The first ascent was in 1961 by Royal Robbins, Tom Frost, and Chuck Pratt. After climbing about a quarter of the route, they retreated to re-supply, leaving four fixed ropes in place. Quickly returning, they jumared back up the ropes and totally committed to climbing the upper wall in a single push, which they did in 6 days using only 15 bolts total. The route was about 25% free climbing with sections of run-out at grade 5.9, and the rest being aid climbing which was also difficult at grade A4. A year later, Robbins and Frost returned and did the route in a single push from the bottom.

In 1972, Peter Haan became the first to aid climb the route alone as a rope solo, using pitons for aid and protection. It was his first big wall climb.

===First free ascents===

In 1975, Kevin Worral and Mike Graham, starting from the Nose route, traversed left a bit to join this route and free climbed pitches 4 through 10 of Salathe Wall Route up to Mammoth Terraces, adding three pitches of 5.11. A little later, John Long, and John Bachar free climbed pitch three (5.11b) making all 10 pitches free.

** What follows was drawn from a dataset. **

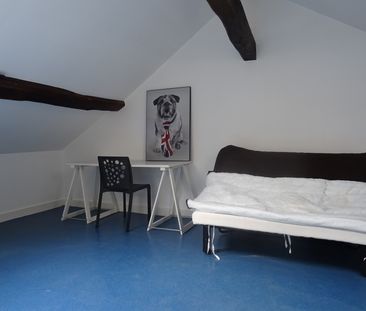 Location Appartement 1 pièce 18m² ORLEANS 45000 - Photo 3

These ten free pitches, often free climbed as a standalone multi-pitch climbing route in its own right, are known as Freeblast (5.11c).

In 1979, Mark Hudon and Max Jones, climbing from the ground up, led all but 250 feet of the route free, adding three pitches of 5.12 and 5 or 6 of 5.11.

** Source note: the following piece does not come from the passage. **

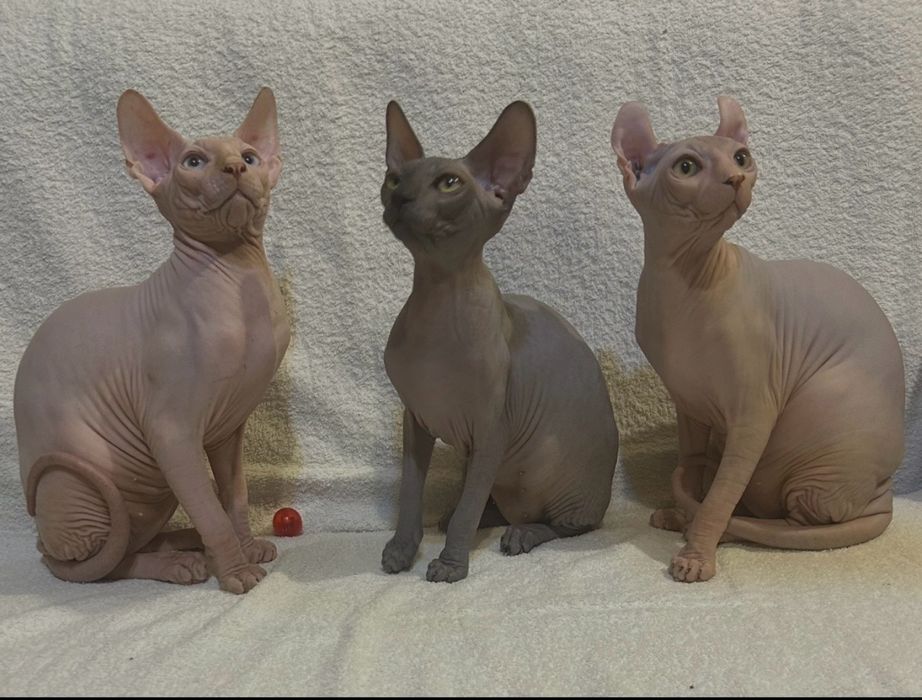 Кошеня Ельфійський сфінкс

In 1988, Todd Skinner and Paul Piana made the first free ascent by free climbing all the sections (each climber free climbed only about half of the route, with 2 hanging belays for resting) during a nine-day push, after thirty days of working the route, and gave it a grade of 5.13c. The Salathe Wall was the first major route on El Capitan to be fully free climbed, and was the first-ever free ascent of a big wall route in history at the grade of .

In 1995, Alexander Huber became the first individual to free climb all the individual pitches, leading every pitch free himself in two pushes (with one hanging belay for a rest), and using an easier variation avoiding one of the cruxes, and assigned a grade of 5.13b.

In 2005, Steph Davis made the first female free ascent, with the grade at 5.13b.